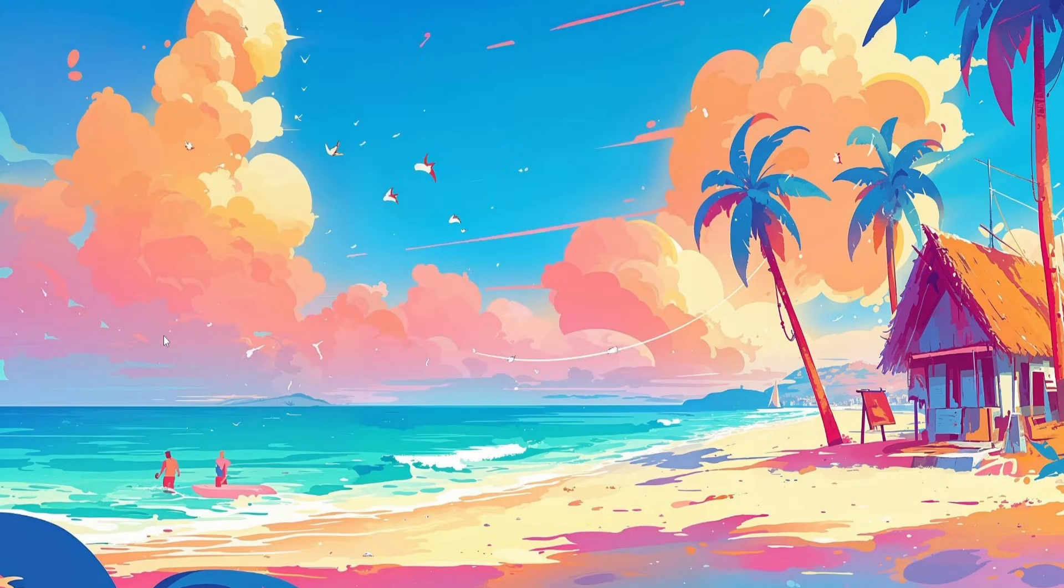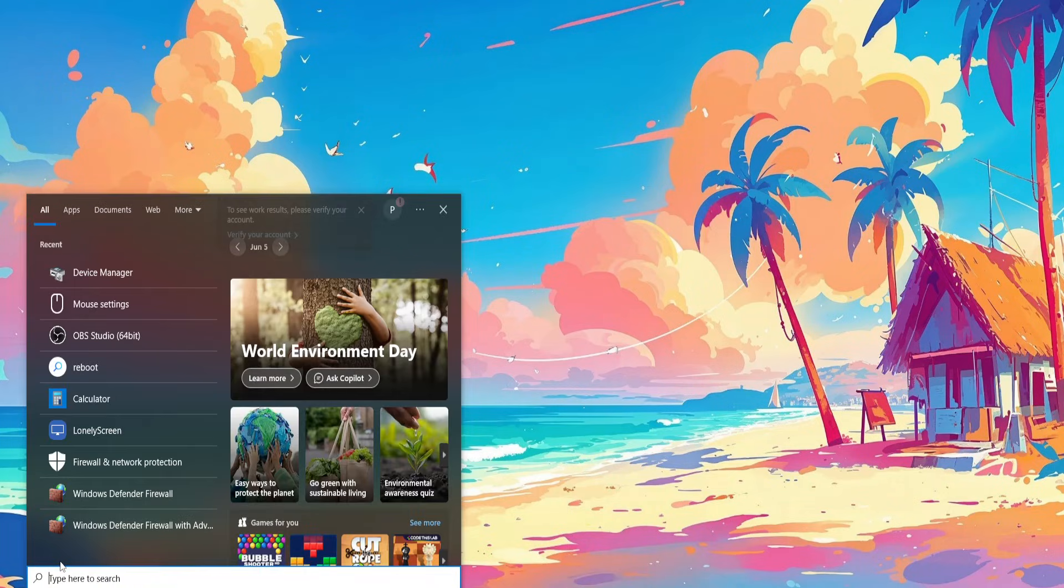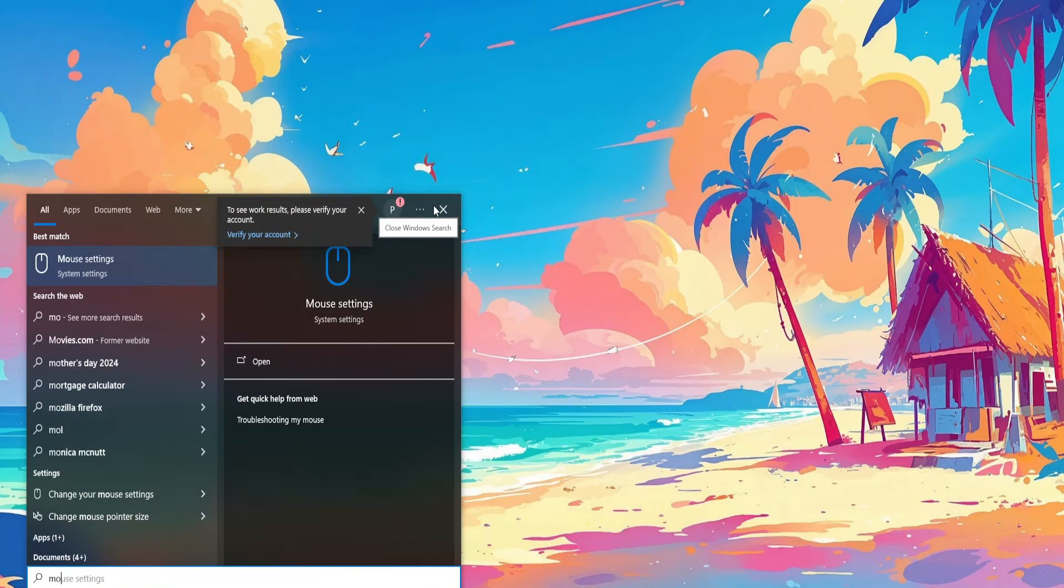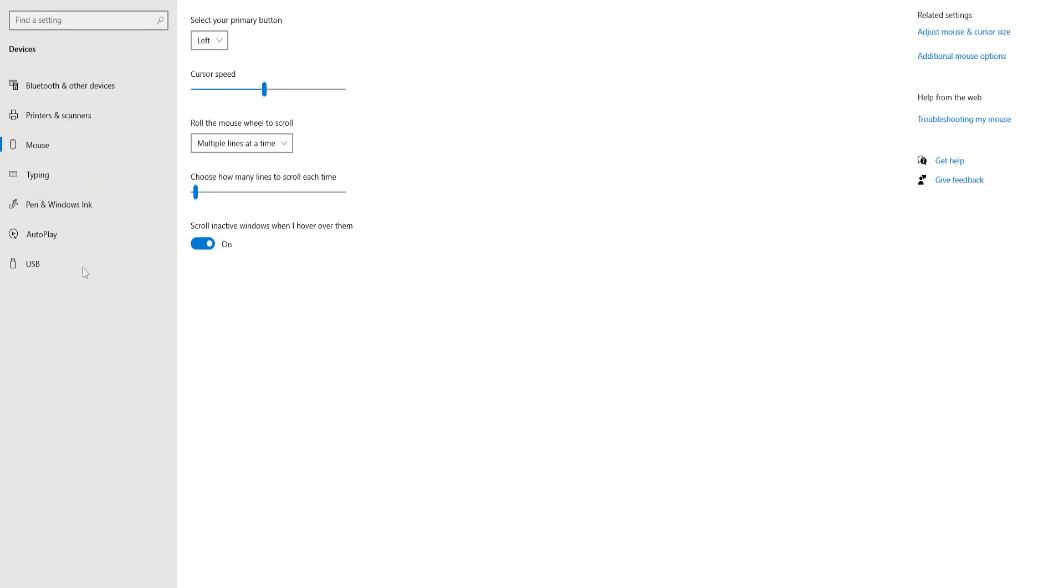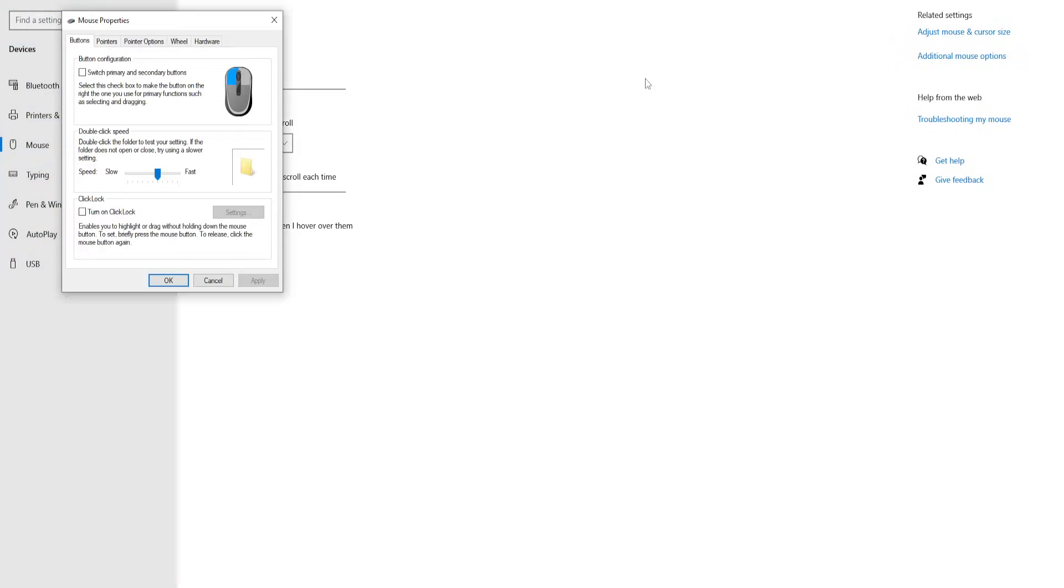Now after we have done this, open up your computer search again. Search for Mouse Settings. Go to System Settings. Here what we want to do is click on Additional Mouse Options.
* * *
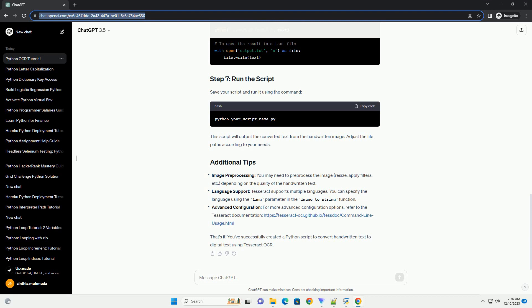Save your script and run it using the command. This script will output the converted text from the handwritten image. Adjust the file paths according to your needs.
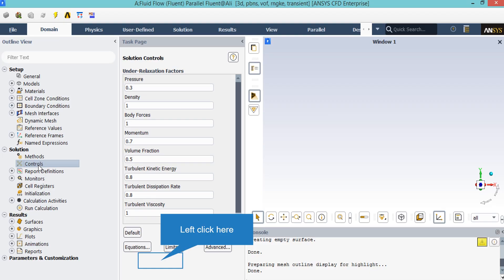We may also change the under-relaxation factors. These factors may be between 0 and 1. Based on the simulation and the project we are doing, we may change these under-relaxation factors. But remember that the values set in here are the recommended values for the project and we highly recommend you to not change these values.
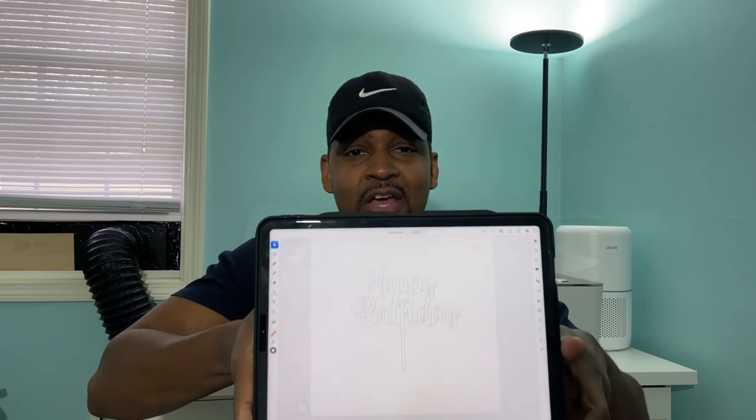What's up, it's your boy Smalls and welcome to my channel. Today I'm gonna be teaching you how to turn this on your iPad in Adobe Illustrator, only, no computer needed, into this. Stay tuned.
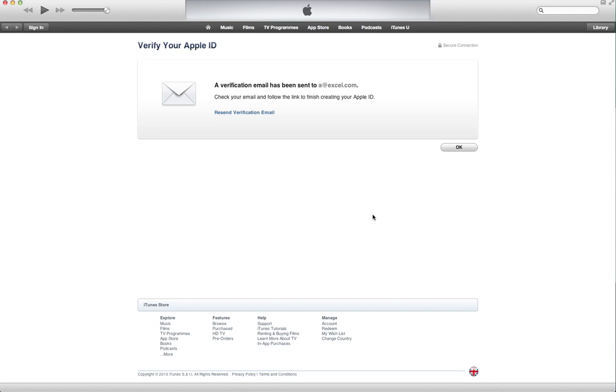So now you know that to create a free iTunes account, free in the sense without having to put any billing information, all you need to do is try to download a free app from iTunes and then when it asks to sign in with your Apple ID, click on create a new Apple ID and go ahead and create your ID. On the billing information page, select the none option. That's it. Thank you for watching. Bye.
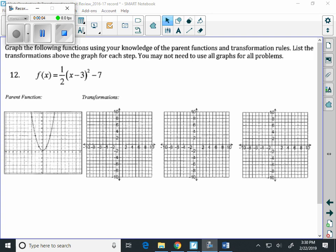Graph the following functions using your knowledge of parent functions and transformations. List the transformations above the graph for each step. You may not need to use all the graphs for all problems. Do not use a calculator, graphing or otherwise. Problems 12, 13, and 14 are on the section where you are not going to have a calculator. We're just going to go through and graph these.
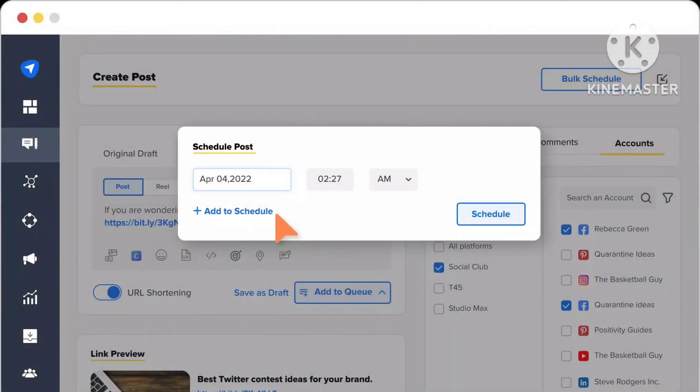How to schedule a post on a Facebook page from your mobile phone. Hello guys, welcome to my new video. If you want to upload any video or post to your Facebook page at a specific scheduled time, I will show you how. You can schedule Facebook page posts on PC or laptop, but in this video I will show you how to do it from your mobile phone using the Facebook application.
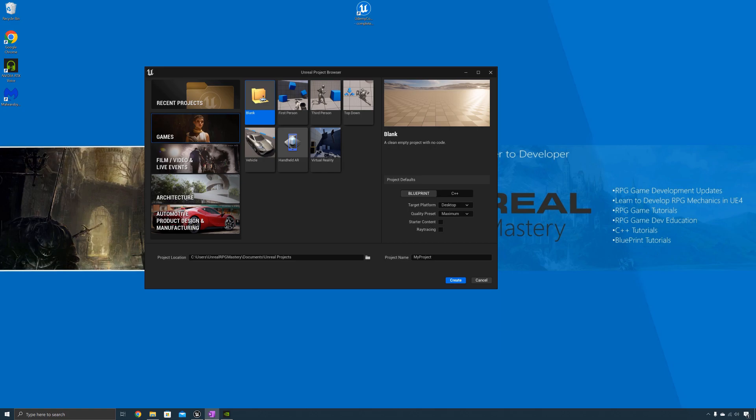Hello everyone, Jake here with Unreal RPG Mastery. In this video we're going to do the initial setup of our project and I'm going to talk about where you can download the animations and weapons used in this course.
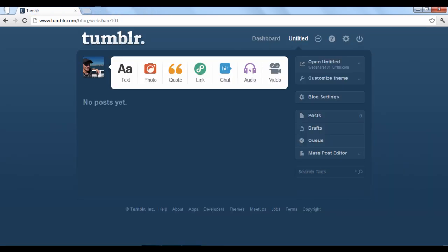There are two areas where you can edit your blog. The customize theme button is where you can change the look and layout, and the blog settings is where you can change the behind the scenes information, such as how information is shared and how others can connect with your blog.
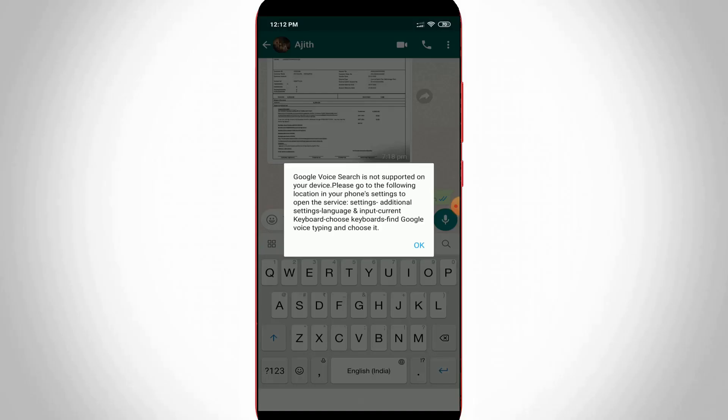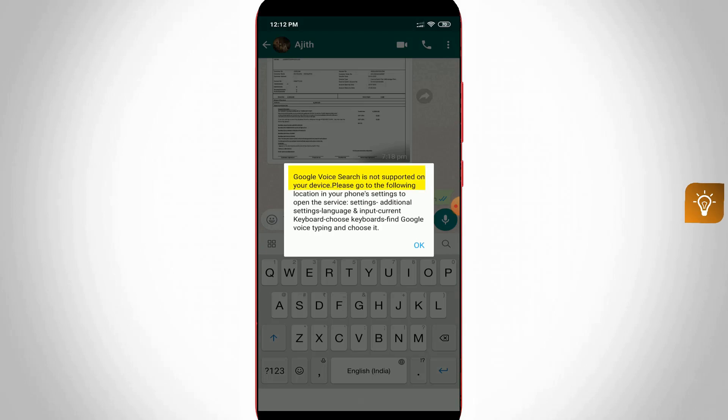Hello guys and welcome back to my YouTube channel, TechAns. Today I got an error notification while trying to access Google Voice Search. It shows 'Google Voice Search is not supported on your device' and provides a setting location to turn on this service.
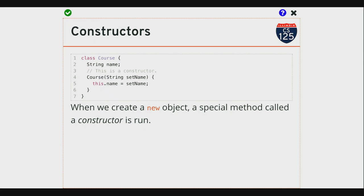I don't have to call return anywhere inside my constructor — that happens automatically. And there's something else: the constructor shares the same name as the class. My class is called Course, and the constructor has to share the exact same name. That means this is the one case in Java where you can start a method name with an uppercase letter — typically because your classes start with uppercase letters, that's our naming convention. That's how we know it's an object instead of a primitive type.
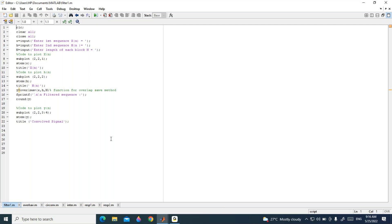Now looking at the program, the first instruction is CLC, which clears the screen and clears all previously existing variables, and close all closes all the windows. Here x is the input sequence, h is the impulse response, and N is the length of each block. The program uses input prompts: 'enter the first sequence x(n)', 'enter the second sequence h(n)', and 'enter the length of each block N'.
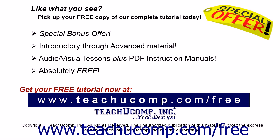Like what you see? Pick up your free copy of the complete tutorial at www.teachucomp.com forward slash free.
==
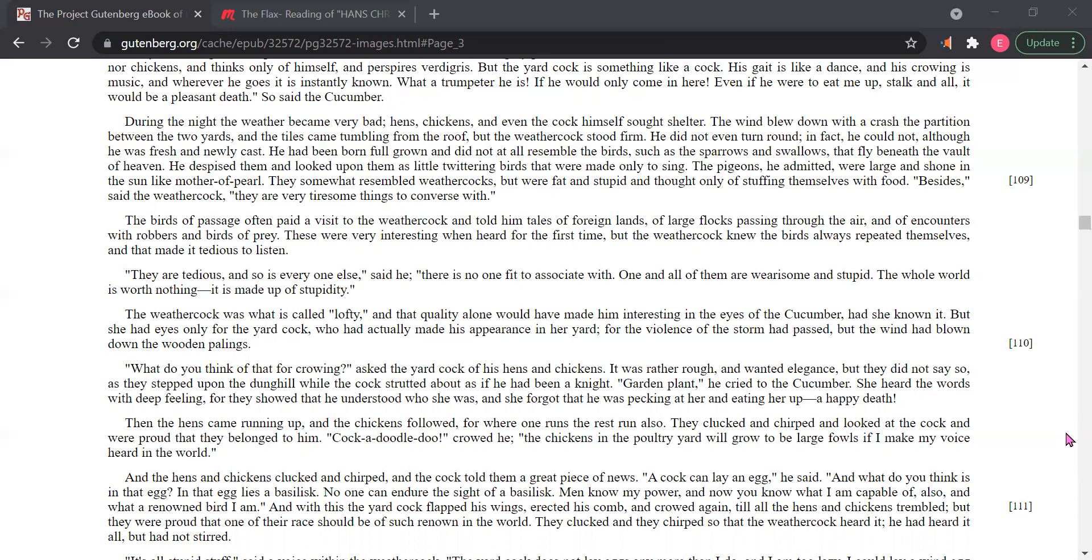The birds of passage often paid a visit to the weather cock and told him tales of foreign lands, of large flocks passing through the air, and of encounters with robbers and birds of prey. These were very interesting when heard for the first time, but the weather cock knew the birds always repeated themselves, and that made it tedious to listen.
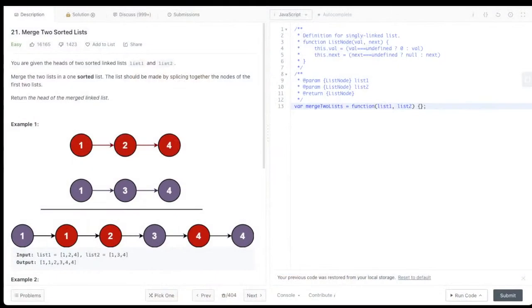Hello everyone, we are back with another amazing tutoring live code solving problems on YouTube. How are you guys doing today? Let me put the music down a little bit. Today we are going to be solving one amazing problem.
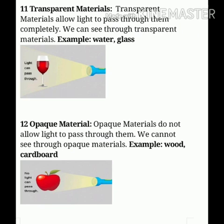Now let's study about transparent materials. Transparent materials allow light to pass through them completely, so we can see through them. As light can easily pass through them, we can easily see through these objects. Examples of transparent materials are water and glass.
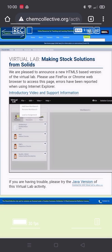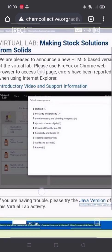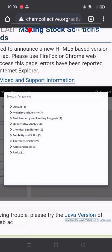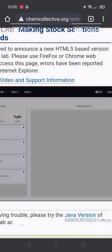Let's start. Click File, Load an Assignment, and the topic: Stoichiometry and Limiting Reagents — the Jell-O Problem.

# To do
Between and including the line with "Hello guys and" and the line with "Like what you", repeat every line exactly as it appears above, with pictures left out.

# Solution to this problem
Hello guys and welcome back to my YouTube channel, TechAns. Today I got an error notification while trying to access Google Voice Search. It shows 'Google Voice Search is not supported on your device' and provides a setting location to turn on this service.
I don't have to call return anywhere inside my constructor — that happens automatically. And there's something else: the constructor shares the same name as the class. My class is called Course, and the constructor has to share the exact same name. That means this is the one case in Java where you can start a method name with an uppercase letter — typically because your classes start with uppercase letters, that's our naming convention. That's how we know it's an object instead of a primitive type.
Now looking at the program, the first instruction is CLC, which clears the screen and clears all previously existing variables, and close all closes all the windows. Here x is the input sequence, h is the impulse response, and N is the length of each block. The program uses input prompts: 'enter the first sequence x(n)', 'enter the second sequence h(n)', and 'enter the length of each block N'.
Like what you see? Pick up your free copy of the complete tutorial at www.teachucomp.com forward slash free.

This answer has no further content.